О чём-то вспоминают,
Шумят над Феодосией ветра.

         Особое место в его творчестве занимает попытка осмысления жизненных ситуаций, непростых отношений дружбы, верности и желание  понять и поддержать – в первую очередь самых близких ему людей. Он спешит помочь, никого и никогда не судит.  Психологически верно, выверенно и достойно, без наигранного пафоса, звучат его слова в суровом, на первый взгляд, и исповедальном по сути своей стихотворении «Когда – нибудь, я это точно знаю…»:

…Как  гонит  ночь  разбуженное  утро,
 воспоминаний  тёплых  тяжеленный  труд,
 и  смех,  и  грусть,  замешанные  мудро,
 нас  в  будущее,  в  завтра  уведут.
 Из  цепких   лап  застывшего  погоста               
 рванёмся  к  солнцу, словно  из  тюрьмы.
 Ведь  знали  мы,  что  жить  совсем  не просто,             
 но  как  же  жадно,  жадно  жили  мы.
 Виват  рукам,  что  умывали  потом,
 безумству  верности  и  дружбы  торжеству,
 любви  поклон  и  завтрашним  заботам,
 что  только  и  держали  на  плаву.

И вдруг из ситуации, когда он сам на грани:
               
 И всё не так, и всё бунтует.
 Заботы, чёрт бы их  побрал.
 И так устал, и жизнь лютует,
 готовя  завтрашний  аврал.

он позовёт просто и не навязчиво в ДОБРОТУ:

Простое дело.

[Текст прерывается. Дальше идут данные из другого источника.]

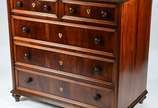 Cômoda de madeira nobre, duas gavetinhas e três... - Cômoda de madeira nobre, duas gavetinhas e três gavetões, entrada das chaves de osso.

Шар кружился.
Легко и радостно  дыша,
я так покорно наклонился
к зовущей ручке малыша.

Какой подарок!  Рад, хоть тресни,
цветам, деревьям, и листве,
и  воробьям, орущим песни,
густой и шёлковой траве.

И что далёк мой путь до тризны,
и детям, что мудрее  нас.

Давайте радоваться жизни.
Во всякий:
в  лёгкий,
в трудный час.

          Вчитываясь в каждое стихотворение, мы листаем, а затем и закрываем эту книгу, чтобы подумать над тем, что сказано-высказано в ней. Тут есть над чем поразмыслить, порадоваться точному слову и погрустить. Конечно, автор собрал все эти стихи под  одну обложку для всех, кто любит поэзию, знает его самого. Но в первую очередь, как мне кажется, этой книгой Владимир обращается к своим детям.
Не зря же среди  его самых проникновенных стихов есть и такие строки:

Подскажет «друг», как  жить  покруче,
чтоб  всё  имел  и  всё  ты  мог.
А  я  прошу,  на  всякий  случай,
ты  Сердца  слушайся,  сынок.

   Вот такая она – моя новая встреча с моим старым товарищем.
Свой очередной  сборник стихов Владимир Гахов назвал «По вере мне». И я ловлю себя на мысли – ему можно верить.

                Валерий Митрохин
                член Союзов писателей СССР, Украины, России.